LA CIUDAD DESCOSIDA

ABC-IGNACIO CAMACHO

La rebelión pendiente de Barcelona no es contra el Estado sino contra el desvarío identitario que la arrastra al colapso

COMO toda creencia populista, el nacionalismo resuelve sus contradicciones echándole a otro la culpa de todos los fracasos propios. Cualquier frustración queda conjurada mediante la invención de un enemigo al que atribuir todo lo que perjudique al proyecto colectivo; la existencia de ese antagonista ficticio evita al pensamiento (?) nacionalista el compromiso de enfrentarse a la incertidumbre de destino. Así, es de sobra conocido el éxito propagandístico que en Cataluña ha obtenido la idea de señalar a España como responsable exclusivo del conflicto; la construcción minuciosa de ese mito victimista refuerza el sentido de pertenencia a la tribu, crea una conciencia social de pueblo oprimido y libera a los dirigentes separatistas del enojoso cometido de dar explicaciones sobre sus numerosos estropicios.

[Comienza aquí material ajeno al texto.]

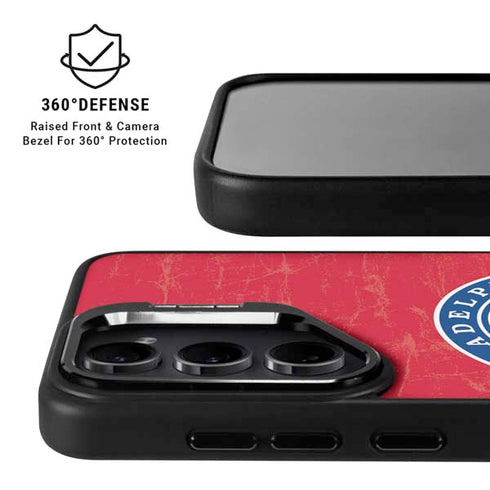 NBA Philadelphia 76ers Distressed Galaxy S26 Kickstand Case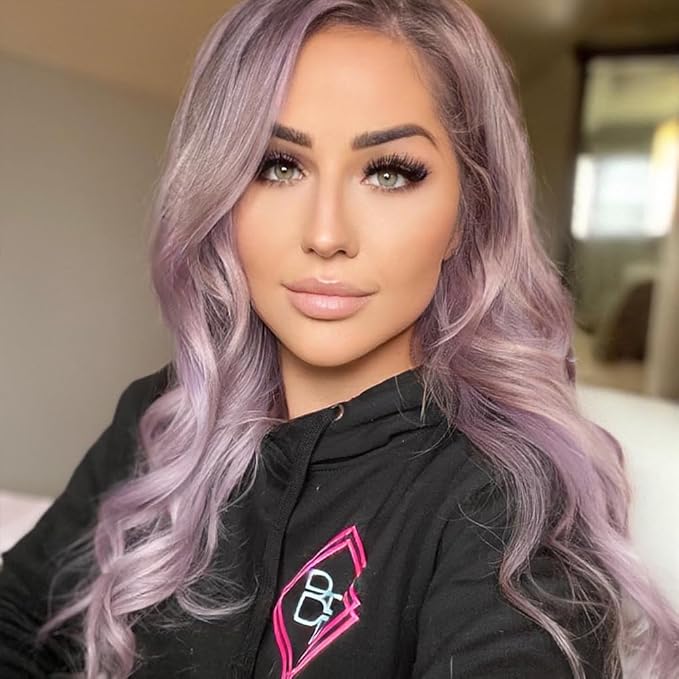 Overtone Daily Color Depositing Conditioner, Pastel Purple, 8oz, Hydrating, Damage-Free Temporary Hair Color for All Hair Types with Shea Butter & Coconut Oil, Vegan & Cruelty-Free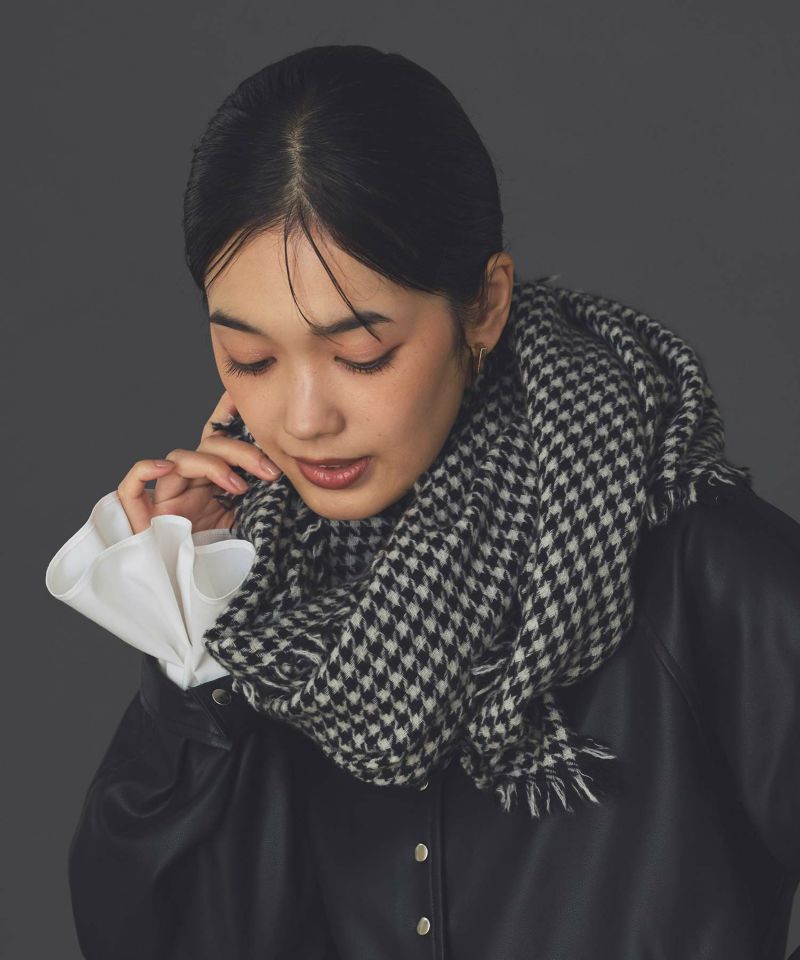 Gready Brilliant千鳥カシミヤストール | SEKIMIKI Online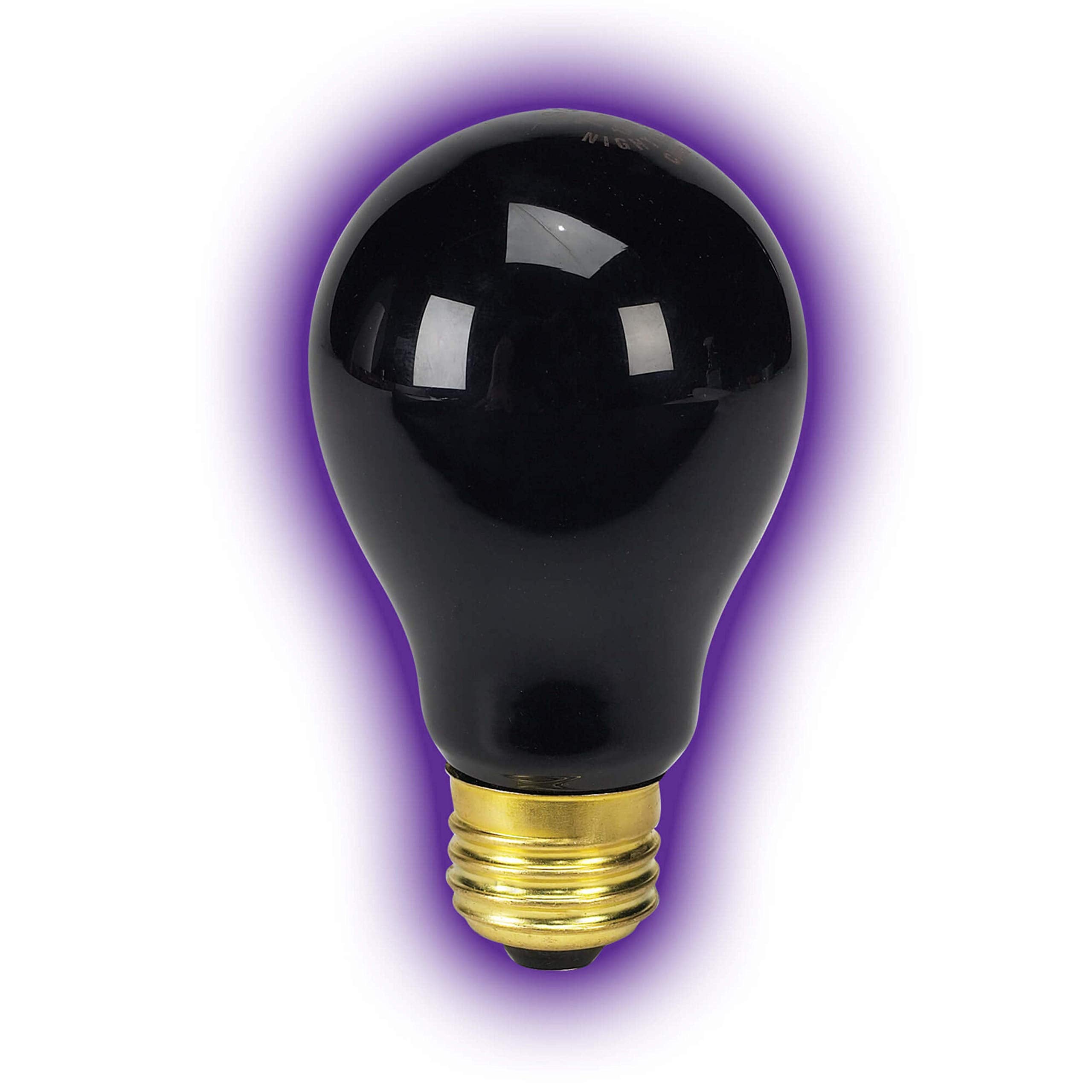 Zilla Reptile Terrarium Incandescent Heat Bulb, Night Black, 150 Watts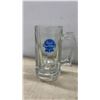 Image 5 : 6 Pabst Blue Ribbon Glass Beer Mugs & 4 Masonic Grand Lodge Manitoba 1975 Glasses (4)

Además de las triunfantes teorías del expolio fiscal, de la democracia secuestrada o de la maquinaria represora, la supuesta desafección española sirve también para excusar la patente decadencia de Barcelona. La ciudad que no hace mucho era ejemplo de modernidad, diseño y progreso ha degradado su brillante modelo en una vertiginosa espiral de aislamiento. Su aspiración de capitalidad mediterránea declina por una pendiente de mediocridad, rutina y tedio, sin que la sociedad civil –y la política mucho menos– encuentre el modo de devolverle el esplendor pretérito. Entre el soberanismo y el populismo la han convertido en la meca de los antisistema europeos. Han frenado la economía, lastrado el turismo y desacelerado la competitividad; la belleza es más difícil de destruir pero están en ello y lo lograrán si no frenan el proceso de autocomplacencia y ensimismamiento.

Sin embargo, para muchos de sus habitantes no hay otro problema que el de un Estado que cercena su voluntad de independencia. Gran parte de la mesocracia heredera de la antigua pujanza burguesa ni siquiera es capaz de rebelarse ante esta oleada violenta que arrasa su paisaje urbano en un rabioso frenesí de hogueras. Se resiste a entender o a admitir que está ante un desguace de la convivencia y que ese cisma cívico no viene de fuera. Barcelona se halla en un punto crítico que puede ser de no retorno si su gente no se da cuenta de que tiene en juego no ya su prestigio sino su condición de ciudad abierta. Le falta liderazgo, proyecto y referencias, y los que tiene van en dirección opuesta a su tradición cosmopolita, vanguardista y moderna.

Si ese tejido dinámico se descose o se pierde será muy difícil recuperarlo: no desde luego a corto plazo ni con una dirigencia envuelta en un designio iluminado. Lo que los sucesos de esta semana han aventado es el peligro de colapso que late detrás del desvarío identitario. La rebelión pendiente de los barceloneses y de los catalanes en su conjunto no es contra el Estado, sino contra la distopía que los conduce por el camino equivocado.